Dataset:
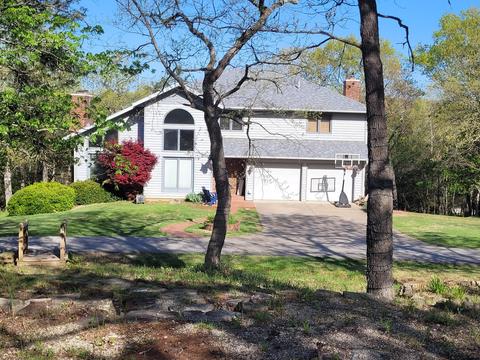 558 Cougar Trl, Branson, MO 65616 photo 1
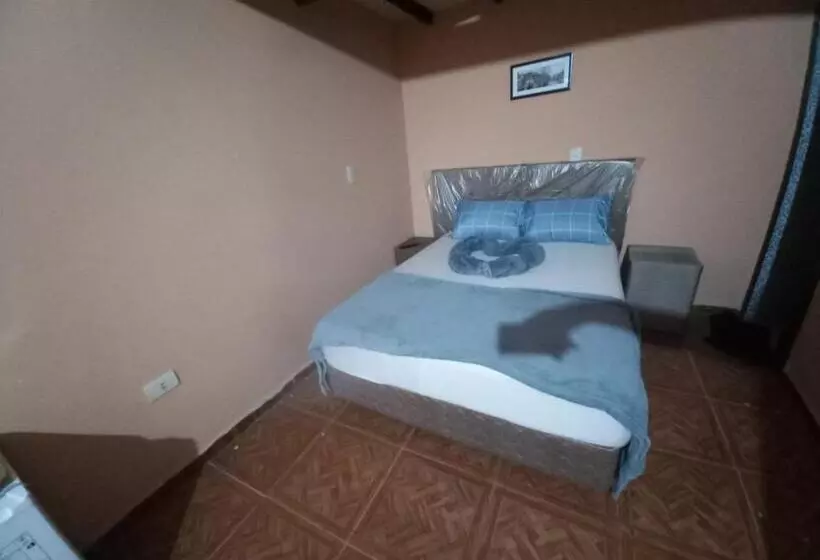 پانسیون Hostal Taito 2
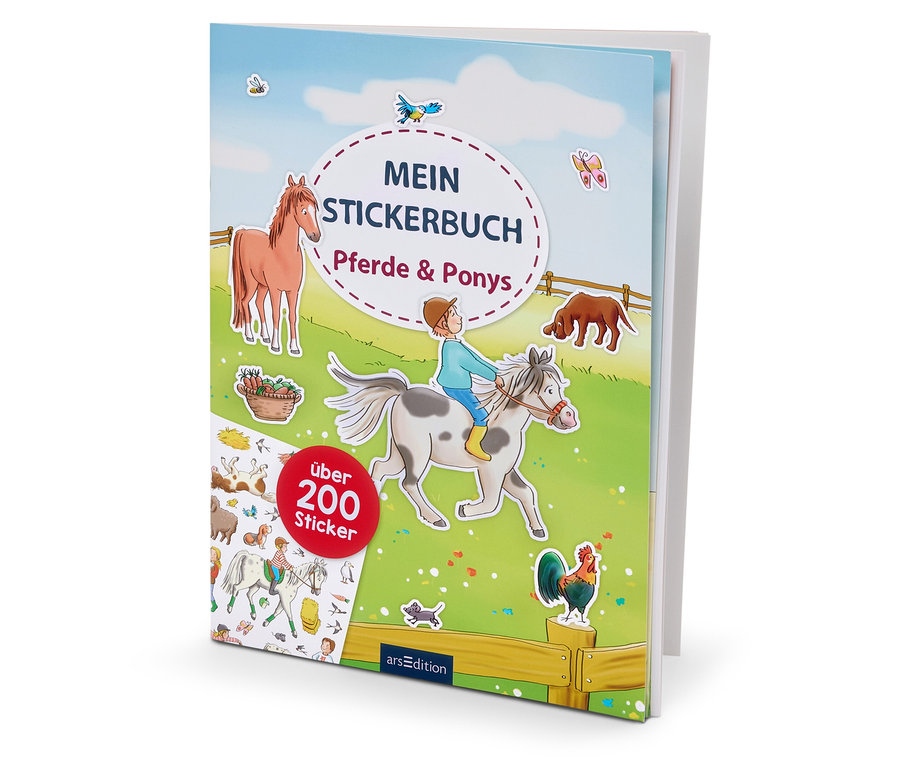 Image d'un livre d'autocollants sur le thème des chevaux et poneys. La couverture présente une illustration d'un garçon montant un poney, d'un cheval brun, d'un chien et d'autres animaux.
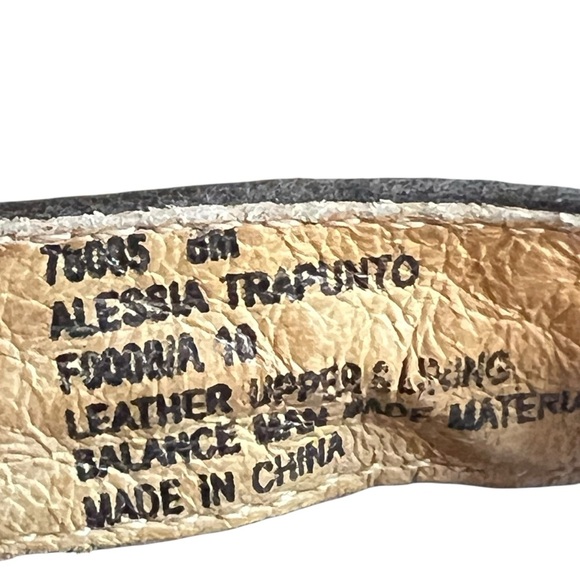 FRYE Grey Leather Alessia Trapunto Flats - Thong Sandals, Size 8 - Picture 4 of 7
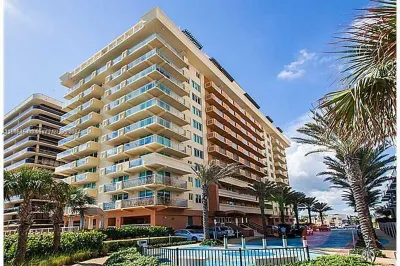 9499 Collins Ave #611 1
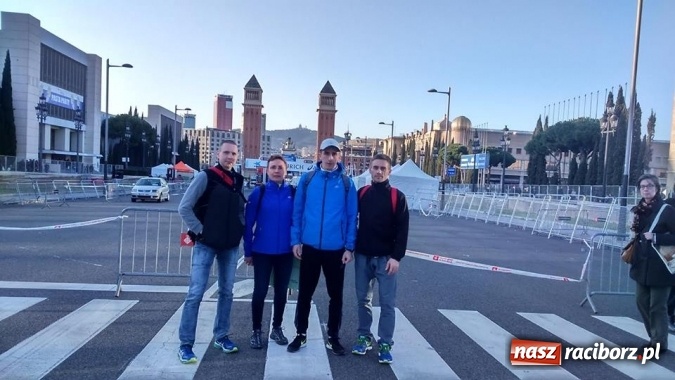 Zdjęcie w galerii na portalu naszraciborz.pl: Raciborzanie na maratonie w Barcelonie. Trzy życi&oacute;wki wiadomości z regionu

What is being asked:
Look above for the line with "پانسیون Hostal Taito 2", then print it and each line after it down to and including the line with "9499 Collins Ave #611 1". Leave out the pictures and keep the wording exact.

Exercise answer:
 پانسیون Hostal Taito 2
 Image d'un livre d'autocollants sur le thème des chevaux et poneys. La couverture présente une illustration d'un garçon montant un poney, d'un cheval brun, d'un chien et d'autres animaux.
 FRYE Grey Leather Alessia Trapunto Flats - Thong Sandals, Size 8 - Picture 4 of 7
 9499 Collins Ave #611 1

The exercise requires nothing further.